I have seen this situation from all sides (I divorced with 1 and 3 yr olds and I am a head of year in school) and none of them are pretty.
As far as your ex wants to tutor at home (and, as an educator, I fully endorse ruby's view!) I would instinctively fear this. I don't think it would be at all the right solution for the moment. I think your son needs to be with other children, he needs his peer group. There is much for him to learn in school - and not all of it academic.
I spend much of my time during the week working with disengaged and disaffected children (though I teach in secondary school) and divorce is not the only reason this occurs by far, though it would seem to be the most common. In my experience sgutt, the children suffer most where parents cannot communicate with each other (whether together or not!) and this often reflects itself in school. School is the one place that children feel they have some control, ironically, and for that reason often 'act out' there - whilst remaining well-behaved at home. Not that I am suggesting this is the case for you.
Your son clearly needs to be supported. By all of you. Ideally, I would find a solution between the two of you that you can both commit to and work together on. This would give your son a great deal in confidence and stability.

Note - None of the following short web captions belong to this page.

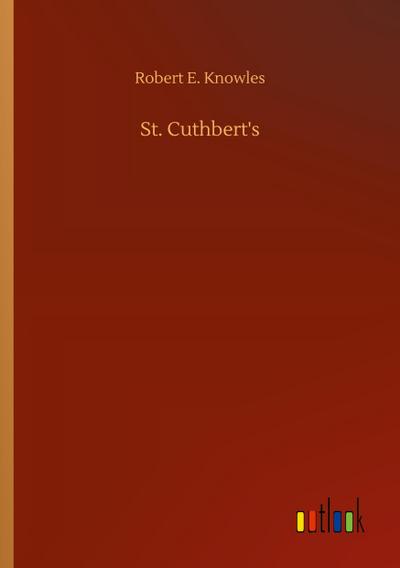 St. Cuthbert’s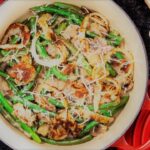 绿豆砂锅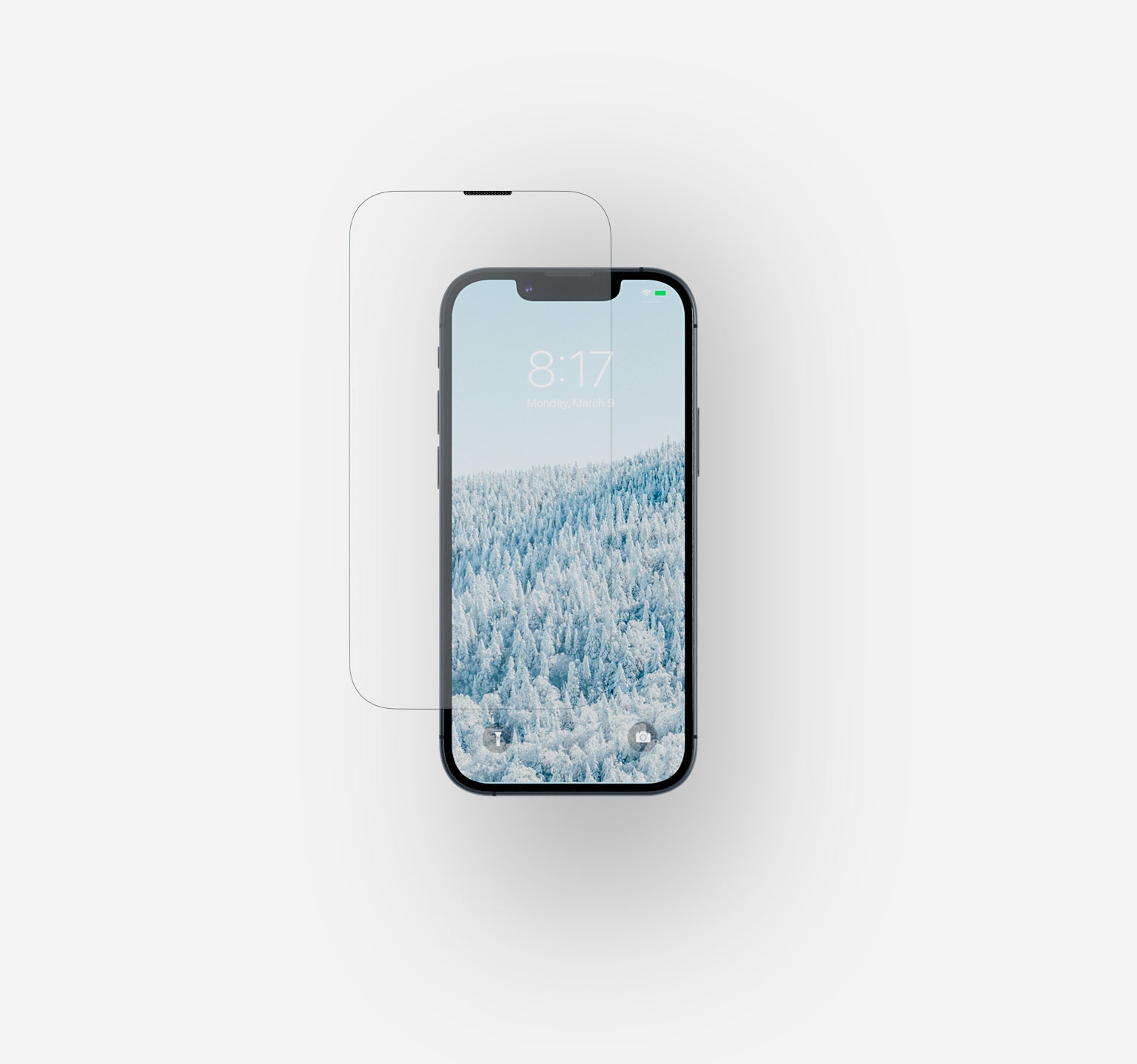 Displayschutz | iPhone 13 Mini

However, I recognise that life is far from ideal... been there, done that.
There are no magic answers for you. You have a strong case for requesting residence and this is one solution. She also has a strong case in wanting to continue in that role and that would be another. Only the two of you can resolve that one unless you go via the courts. That would be a third solution.

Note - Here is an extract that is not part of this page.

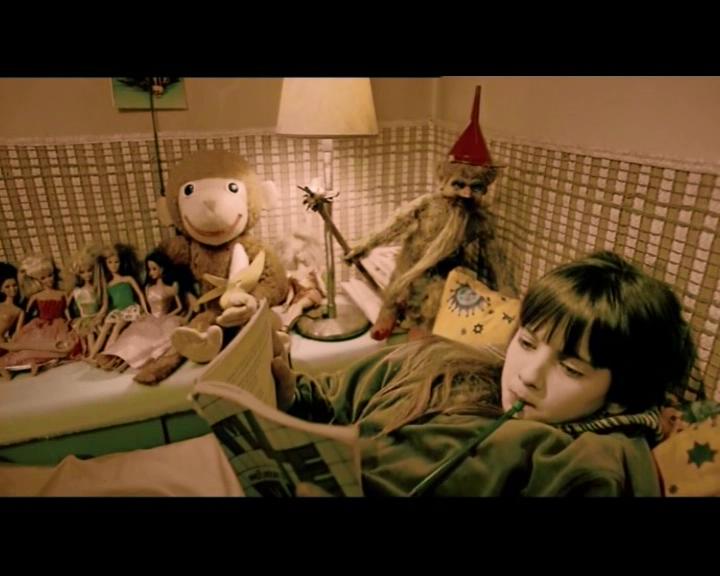 布拉格狂想曲剧照的剧照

For myself... I don't do advice - no one is equipped to give you that really. What would I do in your situation? I would fight (hard) against home tuition. I would keep him in school, I would visit/contact school as regularly as is appropriate. I would talk to him, find as many interesting ways as possible in engaging his interest in education, I would help him to discover his own self-worth.
Have the school offered any support/advice?

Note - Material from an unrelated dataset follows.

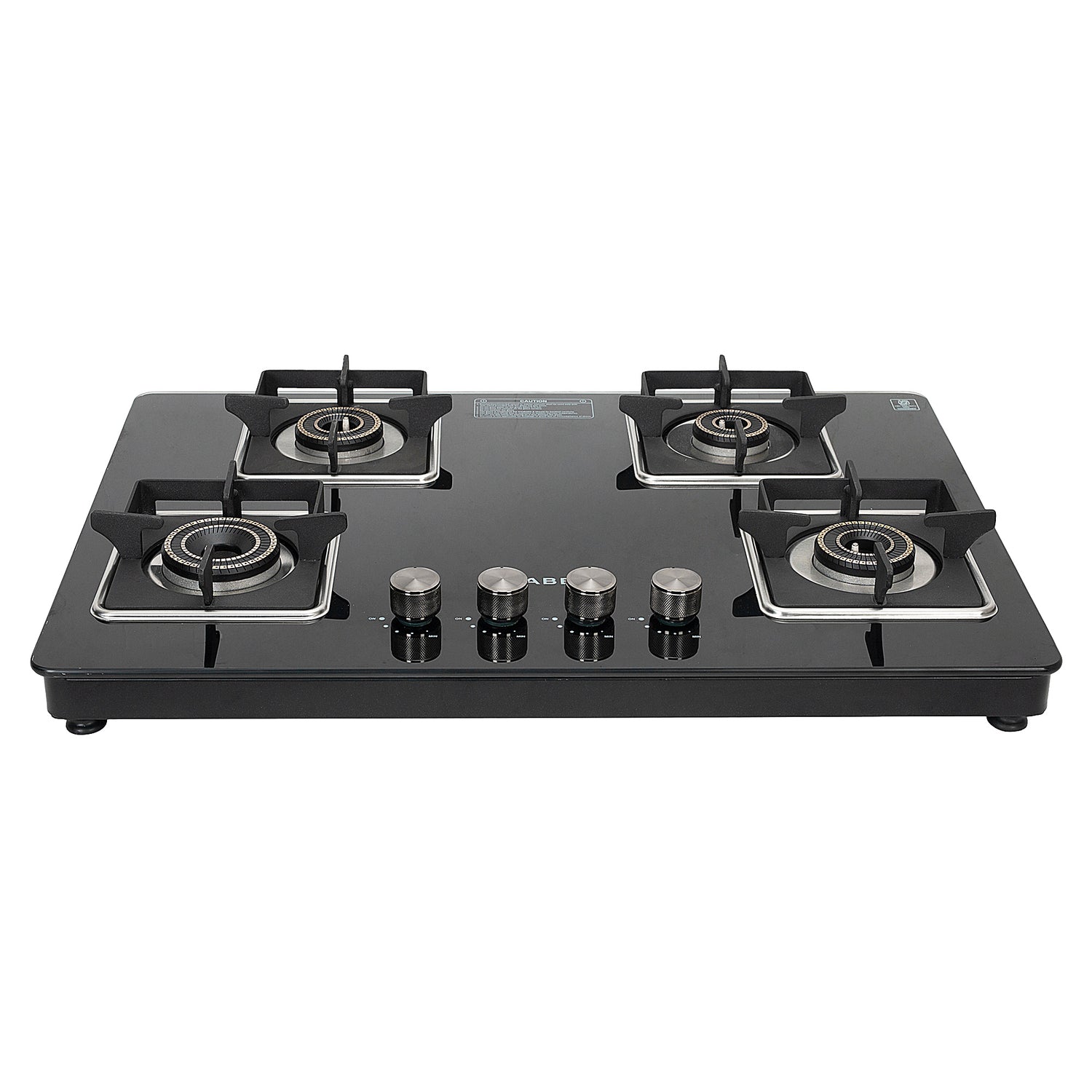 HOB COOKTOP NiOS AUTO 4BB BK Buy now at ₹ 16,090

Keep talking to us here... there is a wealth of experience in this community to help you.
Thanks Shezi for your very kind and supportive views.
I was somewhat confused with the teacher. In September he was seen to be way above the average and still is. We even talked about about him going to a school of excellence (sorry cant think of the exact name) but my ex was against this as she felt it would alienate him with the other kids. I got involved with the school as in the teachers words he 'didnt fit in'. He was very unhappy in himself but we all agreed that it was probably because he didnt want to come back to that school and we would give him time to settle. A few months on I am now told that he is not fullfilling his potential and she see's the future as being one of him just 'getting by'.
I suggested that he came to live with me, something he asked asked to do and go to school with his other cousins. One is his own age and they are best of friends (more like brothers). I feel that he would settle quickly because they would be able to 'look after him'. I understand this is not the ideal situation. My ex has a 9 year old, and we had 2 other children when we were together. In addition she is again pregnant. I could say lots of things but this is not the issue. The issue is my 6 year old son, his happiness and wellbeing.
Home schooling will not happen. I feel it is more important for him to learn social skills than educational ones at this moment.
My ex thinks this is about me getting the children. It is not. It is about the well being of a little boy who needs help.